第百二十七夜 荻原井泉水「たんぽぽ」の句

 荻原井泉水は、河東碧梧桐が子規の没後に起こした新傾向運動に参加し、季刊誌「層雲」を共に創刊した。暫くすると井泉水は、碧梧桐派の現代の新傾向に欠けているのは「句の魂」と「光」と「力」であるとして、自らの印象主義的象徴主義な道を示すために定型を離れた。それは、自らの印象の体律を表現するために突き詰めながら見つけた自由律であり短律であった。井泉水の言っていることは難しいけれど、作品は、自分の目で見、自分の心で感じ取ったものを率直に詠んだものだ。
 
 作品を見ていこう。                         

  たんぽぽたんぽぽ砂浜に春が目を開く 『生命の木』
  
 蝸牛俳句文庫『荻原井泉水』で、まず、従来の俳句にない詩的表現であることに驚いた。地面に葉を張って咲く「たんぽぽの黄」は、詩にすれば「春が目を開く」であろう。春の砂浜に開いた眼玉のようにも見える。砂浜に咲くのは「たんぽぽ」でなく同じキク科の「ハマニガナ」だと思うが、「たんぽぽ」として詩の調べになった。
  
  月光しみじみこうろぎ雌を抱くなり 『風景心経』
  
 子孫のために生きとし生けるものたちは生殖をくり返すが、雄の蟋蟀はすぐに死んでしまうという。美しい音色で雄は雌に近づき、やがてピタリと鳴き止む。月光に照らされながら雄と雌は抱き合っている。まさに、死をイメージして。井泉水の表現した象徴詩だ。

  わらやふるゆきつもる 『短律時代』
  
 十文字の短律。一軒の藁屋に雪がずんずん積もってゆく。この作品や、〈棹さして昭和のただ中〉〈月光ほろほろ風鈴にたはむれ〉の短律が、放哉や山頭火に大きく影響を与えたという。
 
  はつしと蚊を、おのれの血を打つ 『大江』
 
 蚊を打った。打ち殺した腕には、己の真っ赤な血が広がっているではないか。この句は、「はつしと蚊を」と「おのれの血を打つ」の間に読点「、」が入っている。〈月、天上天下寒に入る〉など他の作品にも見られるが、井泉水の考えた強い切れを表す型である。昭和四十六年、八十八歳の作。老うほどに、鋭い冴えを見せつつ物の本質に迫っている。絶唱は〈美し骨壷 牡丹化られている(うつくしこつつぼ ぼたんかわられている)〉である。牡丹と化して骨壷に入っていったというのか。

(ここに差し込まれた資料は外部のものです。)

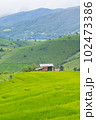 Green Terraced Rice Field, green rice fields in the countryside in Chiang Mai, Thailand. 102473386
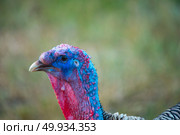 Closeup image of a brightly colored turkey . Стоковое фото, агентство Ingram Publishing / Фотобанк Лори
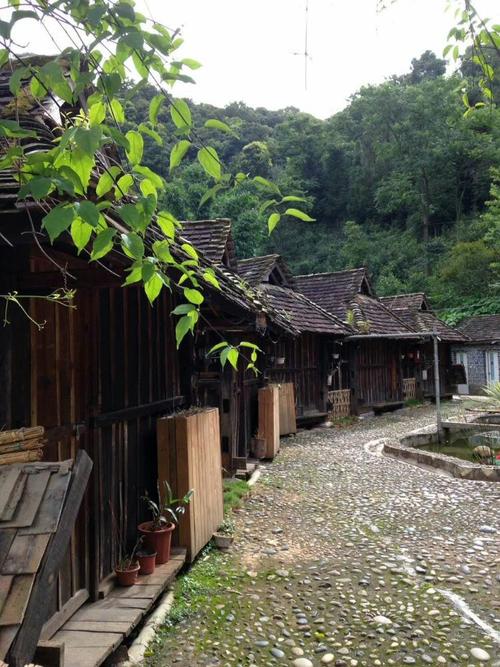 甲骨文走进西双版纳古村寨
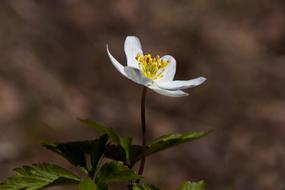 The Nature Of Flower Anemones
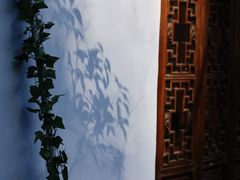 -十八棵（老龙井）御茶园(老龙井店)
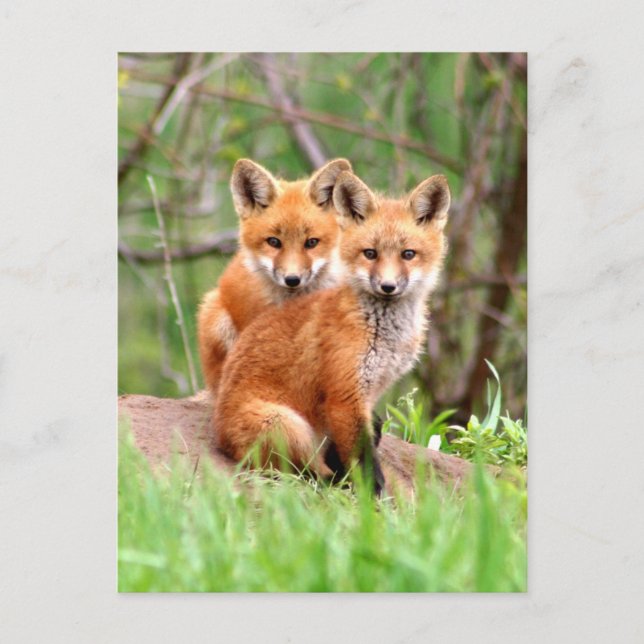Postcard with photo of red fox kits (Front)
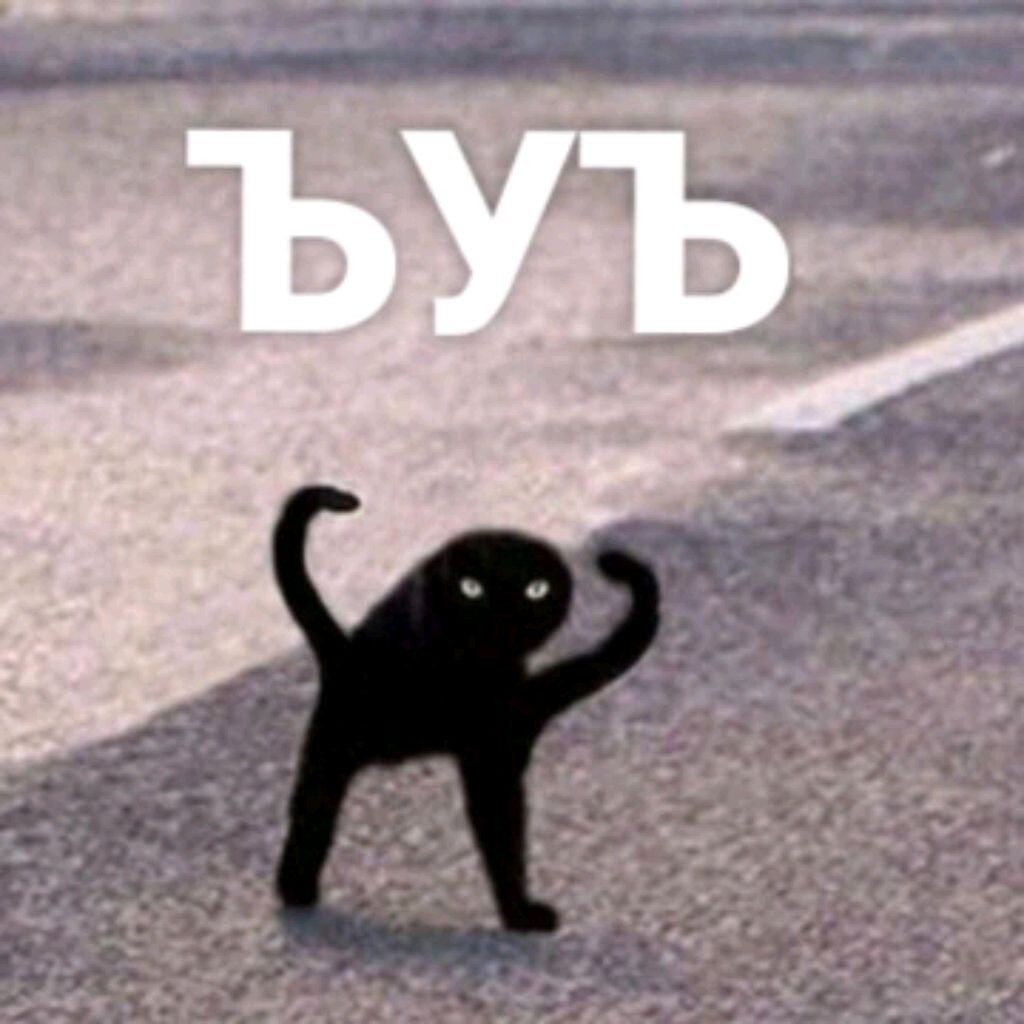 itz.polina#⛄❄️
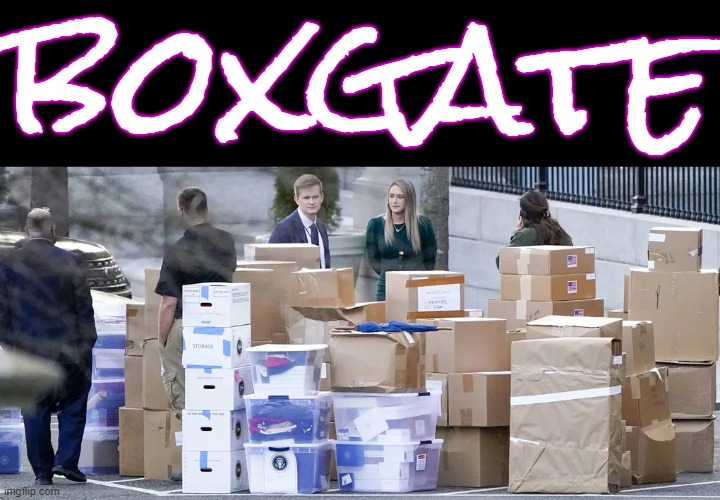 BOXGATE! the best gate around! BETTER than watergate, BETTER than golden gate, although gold is very nice.... | boxgate | image tagged in box,gate,donald trump you're fired,donald trump is an idiot,espionage,lock him up | made w/ Imgflip meme maker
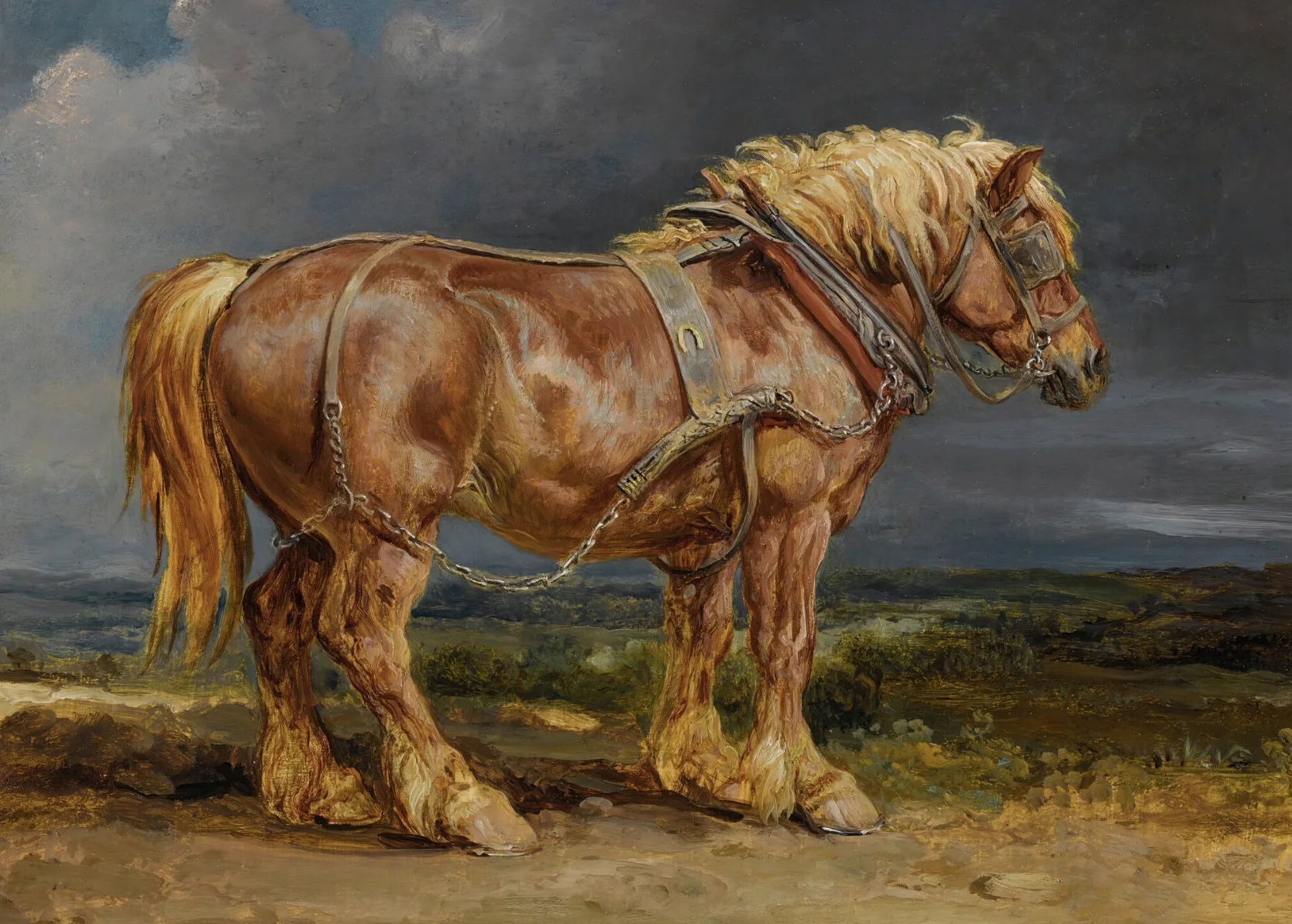 Печать на холсте «Луг с лошадьми» джоджо мойес танцующая с лошадьми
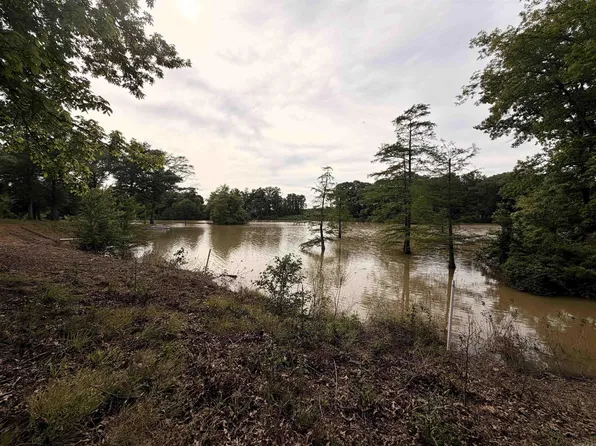 12798 N Griffin Rd, Des Arc, AR 72040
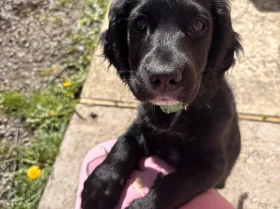 Cocker Spaniel (Working)
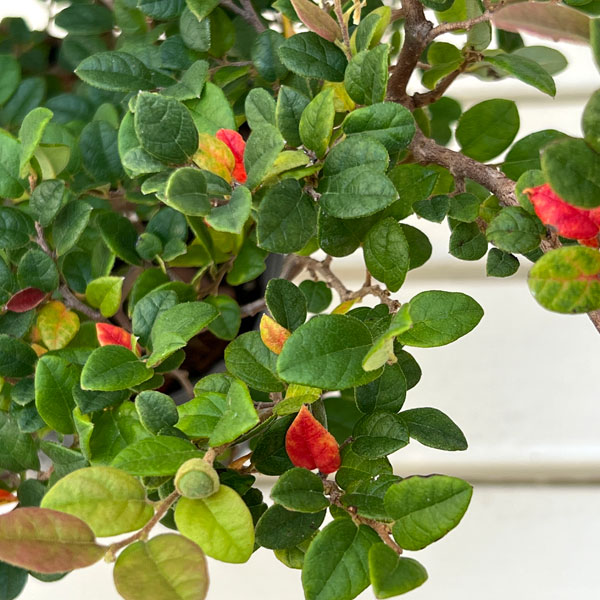 トキワマンサク：コンパクタ5号ポット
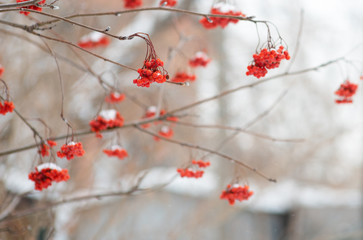 Rowan berries hang on the Bush in the snow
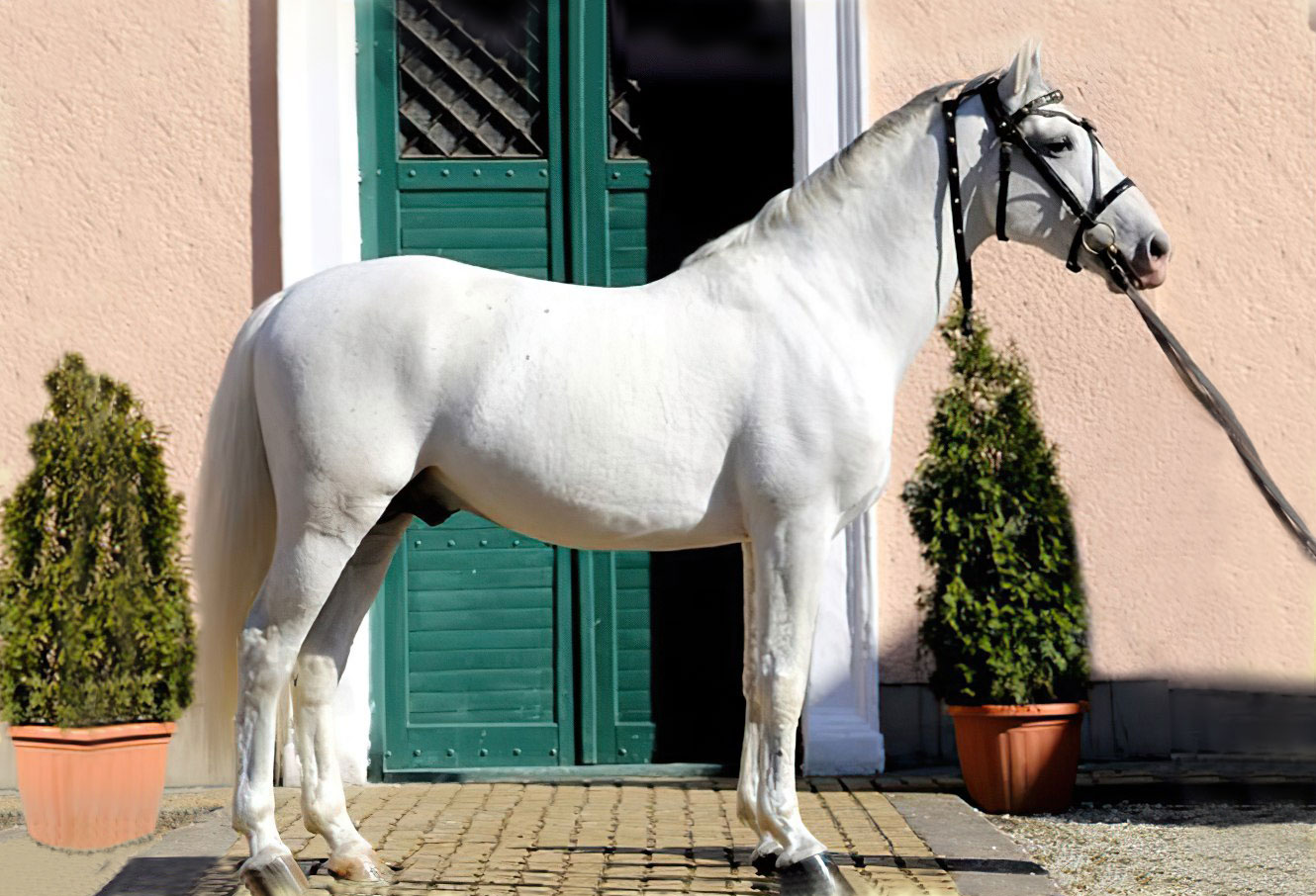 5450 Siglavy Samira XVIII (S. XVI)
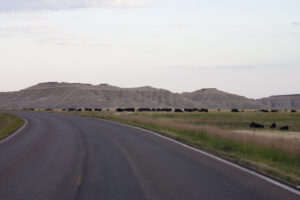 road through Badland cattle country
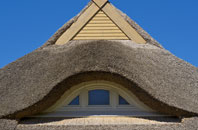 Glyn Castle thatch roofing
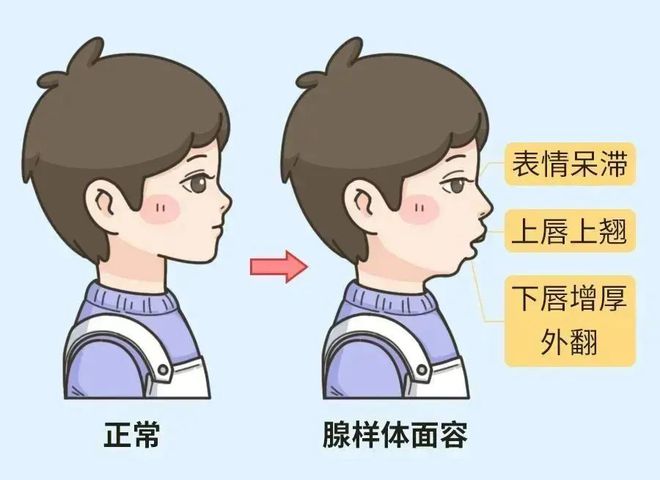 下载.jpg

 荻原井泉水(おぎわら・せいせんすい)は、明治十七年(1884)―昭和五十一年(1976)東京都港区生まれ。俳人。俳論家。一高時代に「一高俳句会」を起こす。明治三十八年頃に井泉水と号。東大では言語学科でゲーテに親しむ。河東碧梧桐の新傾向運動に参加。明治四十四年、新傾向運動の季刊誌として碧梧桐と共に創刊したのが「層雲」。大正期に入ると、井泉水は、自然のリズムを尊重した無季俳句を主張。碧梧桐とは異なる俳句革新の道「自由律俳句」へと向かう。後に、碧梧桐との決裂により、井泉水の主宰誌となる。門下に尾崎放哉と種田山頭火など。